*** Opening Material for the task ***
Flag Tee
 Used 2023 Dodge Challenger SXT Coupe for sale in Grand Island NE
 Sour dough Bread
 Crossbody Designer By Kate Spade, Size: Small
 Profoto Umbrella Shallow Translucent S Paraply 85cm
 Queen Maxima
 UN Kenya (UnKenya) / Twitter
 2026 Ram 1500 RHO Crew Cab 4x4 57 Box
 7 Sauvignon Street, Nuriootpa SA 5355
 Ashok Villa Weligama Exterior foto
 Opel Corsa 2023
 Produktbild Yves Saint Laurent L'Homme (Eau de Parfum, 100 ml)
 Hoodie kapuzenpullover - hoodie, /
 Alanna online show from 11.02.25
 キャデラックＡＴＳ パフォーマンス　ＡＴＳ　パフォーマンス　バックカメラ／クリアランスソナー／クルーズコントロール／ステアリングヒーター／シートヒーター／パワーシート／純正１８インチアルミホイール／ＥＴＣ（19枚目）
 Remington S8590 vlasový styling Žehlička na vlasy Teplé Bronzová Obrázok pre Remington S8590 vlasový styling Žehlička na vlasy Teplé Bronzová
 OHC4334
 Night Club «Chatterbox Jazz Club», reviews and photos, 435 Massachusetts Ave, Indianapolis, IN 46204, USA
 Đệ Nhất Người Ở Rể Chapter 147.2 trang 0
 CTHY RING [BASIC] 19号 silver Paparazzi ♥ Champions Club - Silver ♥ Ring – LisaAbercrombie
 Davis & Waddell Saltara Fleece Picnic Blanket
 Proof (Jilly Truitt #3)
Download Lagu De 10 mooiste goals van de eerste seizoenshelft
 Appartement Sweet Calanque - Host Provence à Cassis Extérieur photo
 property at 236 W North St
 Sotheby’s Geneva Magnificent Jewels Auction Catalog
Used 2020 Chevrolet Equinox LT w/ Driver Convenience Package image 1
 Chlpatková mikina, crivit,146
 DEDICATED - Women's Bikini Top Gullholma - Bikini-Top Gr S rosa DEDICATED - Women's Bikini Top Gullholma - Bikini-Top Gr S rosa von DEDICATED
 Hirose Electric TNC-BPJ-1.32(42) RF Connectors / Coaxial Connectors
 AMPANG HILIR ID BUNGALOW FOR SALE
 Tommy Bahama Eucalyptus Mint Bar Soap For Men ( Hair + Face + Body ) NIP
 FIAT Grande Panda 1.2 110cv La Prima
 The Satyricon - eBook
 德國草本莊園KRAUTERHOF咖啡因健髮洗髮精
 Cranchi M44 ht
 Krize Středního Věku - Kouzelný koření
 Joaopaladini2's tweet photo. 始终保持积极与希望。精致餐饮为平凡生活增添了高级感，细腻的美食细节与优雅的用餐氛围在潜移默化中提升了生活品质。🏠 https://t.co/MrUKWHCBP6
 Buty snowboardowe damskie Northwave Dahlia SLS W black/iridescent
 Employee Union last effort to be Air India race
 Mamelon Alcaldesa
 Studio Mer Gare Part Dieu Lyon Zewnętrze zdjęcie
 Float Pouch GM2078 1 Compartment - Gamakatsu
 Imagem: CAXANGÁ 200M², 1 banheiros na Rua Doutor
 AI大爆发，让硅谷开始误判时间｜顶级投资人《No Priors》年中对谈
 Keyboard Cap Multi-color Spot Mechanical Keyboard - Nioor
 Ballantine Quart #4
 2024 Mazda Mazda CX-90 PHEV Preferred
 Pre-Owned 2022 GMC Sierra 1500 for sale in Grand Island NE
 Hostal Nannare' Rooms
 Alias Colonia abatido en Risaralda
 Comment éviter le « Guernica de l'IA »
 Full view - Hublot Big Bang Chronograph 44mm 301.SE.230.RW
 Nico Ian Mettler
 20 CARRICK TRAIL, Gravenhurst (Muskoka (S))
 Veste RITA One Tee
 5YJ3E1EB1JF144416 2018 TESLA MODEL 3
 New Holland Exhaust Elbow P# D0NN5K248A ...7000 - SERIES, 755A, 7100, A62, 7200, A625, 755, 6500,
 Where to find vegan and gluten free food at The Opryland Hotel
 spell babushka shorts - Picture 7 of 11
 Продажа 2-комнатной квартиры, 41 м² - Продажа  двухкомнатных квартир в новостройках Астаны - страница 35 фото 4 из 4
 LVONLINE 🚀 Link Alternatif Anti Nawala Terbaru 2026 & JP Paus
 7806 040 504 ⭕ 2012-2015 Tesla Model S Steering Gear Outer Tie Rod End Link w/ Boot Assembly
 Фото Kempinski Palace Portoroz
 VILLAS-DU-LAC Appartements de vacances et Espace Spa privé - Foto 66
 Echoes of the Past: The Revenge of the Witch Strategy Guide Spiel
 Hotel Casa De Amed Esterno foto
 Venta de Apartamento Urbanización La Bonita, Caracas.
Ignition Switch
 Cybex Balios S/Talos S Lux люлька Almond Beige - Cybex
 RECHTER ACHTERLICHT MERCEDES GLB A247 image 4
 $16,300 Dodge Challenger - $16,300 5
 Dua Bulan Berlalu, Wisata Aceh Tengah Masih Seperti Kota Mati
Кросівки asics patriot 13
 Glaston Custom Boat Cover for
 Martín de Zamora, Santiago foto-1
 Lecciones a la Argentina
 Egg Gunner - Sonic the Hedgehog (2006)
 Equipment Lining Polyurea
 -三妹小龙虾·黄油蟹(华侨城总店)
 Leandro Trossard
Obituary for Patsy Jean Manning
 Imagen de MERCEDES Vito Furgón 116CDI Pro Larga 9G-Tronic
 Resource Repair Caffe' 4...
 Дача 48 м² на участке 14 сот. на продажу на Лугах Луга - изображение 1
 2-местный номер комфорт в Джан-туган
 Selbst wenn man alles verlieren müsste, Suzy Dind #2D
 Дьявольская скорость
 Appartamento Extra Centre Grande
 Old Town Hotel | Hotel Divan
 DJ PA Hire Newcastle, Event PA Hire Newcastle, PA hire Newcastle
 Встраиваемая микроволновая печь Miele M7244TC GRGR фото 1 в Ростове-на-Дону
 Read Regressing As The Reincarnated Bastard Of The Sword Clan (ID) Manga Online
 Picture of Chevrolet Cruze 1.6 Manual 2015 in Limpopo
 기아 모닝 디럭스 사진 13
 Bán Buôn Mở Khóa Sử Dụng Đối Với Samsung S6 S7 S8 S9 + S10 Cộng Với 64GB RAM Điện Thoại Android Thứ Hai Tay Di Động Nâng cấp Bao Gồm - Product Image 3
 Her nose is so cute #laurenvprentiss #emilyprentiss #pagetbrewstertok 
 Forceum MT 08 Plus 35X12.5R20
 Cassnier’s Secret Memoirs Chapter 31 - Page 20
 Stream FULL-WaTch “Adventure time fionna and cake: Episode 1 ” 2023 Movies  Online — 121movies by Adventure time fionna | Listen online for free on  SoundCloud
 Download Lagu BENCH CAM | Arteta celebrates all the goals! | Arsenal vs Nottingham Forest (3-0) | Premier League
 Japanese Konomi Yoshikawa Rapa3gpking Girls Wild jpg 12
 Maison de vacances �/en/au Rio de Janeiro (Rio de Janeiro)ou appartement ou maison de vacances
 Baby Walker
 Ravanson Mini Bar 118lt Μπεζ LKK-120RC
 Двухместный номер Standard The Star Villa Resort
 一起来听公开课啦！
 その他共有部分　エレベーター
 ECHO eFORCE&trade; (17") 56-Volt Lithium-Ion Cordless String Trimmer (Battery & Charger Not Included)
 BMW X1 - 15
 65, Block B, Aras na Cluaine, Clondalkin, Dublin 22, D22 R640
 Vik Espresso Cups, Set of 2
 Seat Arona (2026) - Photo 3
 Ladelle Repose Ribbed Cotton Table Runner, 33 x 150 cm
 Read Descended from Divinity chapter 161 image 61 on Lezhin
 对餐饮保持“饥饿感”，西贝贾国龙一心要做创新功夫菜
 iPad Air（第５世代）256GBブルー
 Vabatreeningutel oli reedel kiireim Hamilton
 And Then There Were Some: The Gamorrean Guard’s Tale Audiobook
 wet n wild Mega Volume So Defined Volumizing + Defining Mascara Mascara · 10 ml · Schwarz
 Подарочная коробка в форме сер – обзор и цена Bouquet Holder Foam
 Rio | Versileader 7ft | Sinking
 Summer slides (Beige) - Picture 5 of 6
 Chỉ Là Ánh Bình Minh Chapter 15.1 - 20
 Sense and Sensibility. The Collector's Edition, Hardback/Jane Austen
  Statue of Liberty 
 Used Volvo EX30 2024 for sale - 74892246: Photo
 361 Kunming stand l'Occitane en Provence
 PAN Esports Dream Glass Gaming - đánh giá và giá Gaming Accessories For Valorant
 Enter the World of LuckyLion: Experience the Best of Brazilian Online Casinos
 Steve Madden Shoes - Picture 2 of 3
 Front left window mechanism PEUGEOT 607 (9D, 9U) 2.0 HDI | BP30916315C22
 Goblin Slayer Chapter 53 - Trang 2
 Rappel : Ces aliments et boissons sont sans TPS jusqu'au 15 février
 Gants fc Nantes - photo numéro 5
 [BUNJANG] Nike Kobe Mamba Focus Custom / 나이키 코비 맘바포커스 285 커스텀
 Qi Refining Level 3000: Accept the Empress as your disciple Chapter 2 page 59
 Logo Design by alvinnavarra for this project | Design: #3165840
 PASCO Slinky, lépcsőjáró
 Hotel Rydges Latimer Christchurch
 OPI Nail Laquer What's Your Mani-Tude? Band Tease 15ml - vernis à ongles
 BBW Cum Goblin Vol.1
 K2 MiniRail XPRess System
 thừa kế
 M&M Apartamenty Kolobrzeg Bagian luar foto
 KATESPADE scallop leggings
*** Closing Material for the task ***
Task objective:
From the records above, extract exactly and only the lines that begin at the line with "Nico Ian Mettler" and stop after the line with "New Holland Exhaust".

Expected answer:
 Nico Ian Mettler
 20 CARRICK TRAIL, Gravenhurst (Muskoka (S))
 Veste RITA One Tee
 5YJ3E1EB1JF144416 2018 TESLA MODEL 3
 New Holland Exhaust Elbow P# D0NN5K248A ...7000 - SERIES, 755A, 7100, A62, 7200, A625, 755, 6500,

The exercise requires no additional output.